The Economics of Online Music
Very nice analysis here from Gareth about one of the most-overlooked aspects of the music-sharing debate: the (non-monetary) cost to users of the time they spend searching for music. Check out his article How To Make Money From Online Music (and make everybody better off in the process)
From his conclusions:
This analysis has shown that it is possible attract paying users to an online music service. What's more, we've seen exactly how to achieve this: one must give the user an experience that is better than free file-sharing by reducing search costs. Major record labels must give up on the attempt to win customers with an inferior product and instead they must innovate to find the best way of reducing search costs for consumers. Apple is leading the way with iMS, and I believe other companies will have no choice but to follow.

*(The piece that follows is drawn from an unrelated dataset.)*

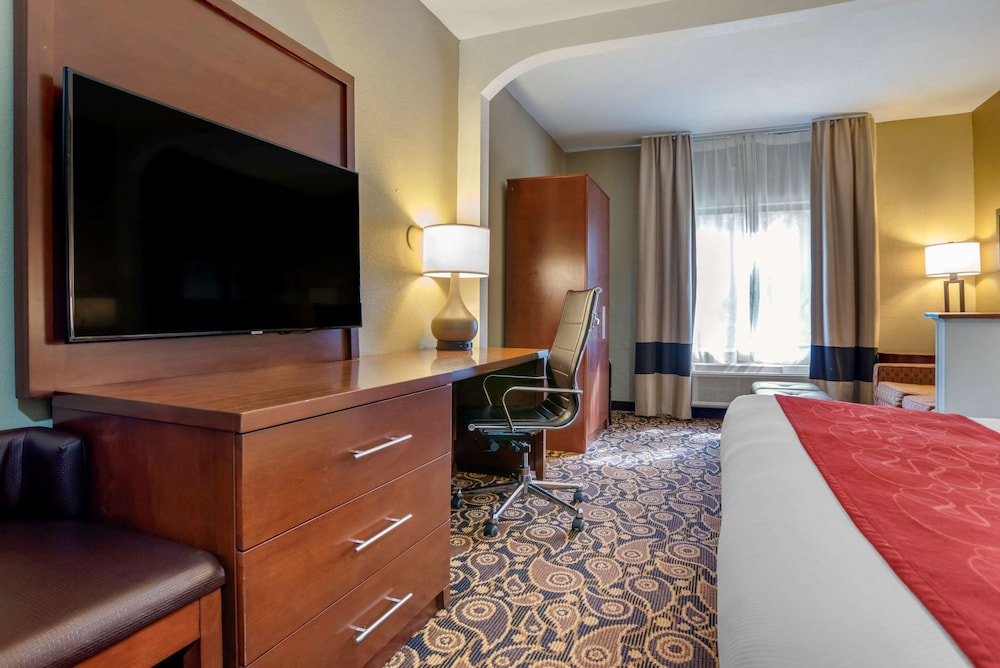 Suite, Non Smoking - Photo 9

My contention has always been that for the segment of the music-seeking market which I belong to (admittedly the minority), the appeal of file-sharing services is NOT that the music can be downloaded for free
. Rather, software tools like Kazaa and Soulseek drastically reduce our "search costs" for music, which is of great benefit even if downloads must be paid for. If one's tastes in music fall anywhere outside the mainstream artists which are aggressively marketed and saturate the airwaves, finding the artists and songs you'd most like can be a difficult and time-consuming process. File-sharing services can make it substantially easier to find this type of music. For this reason, initiatives like Apple's new iMusic service can be successful despite charging users for downloads (currently at the rate of $0.99 a track).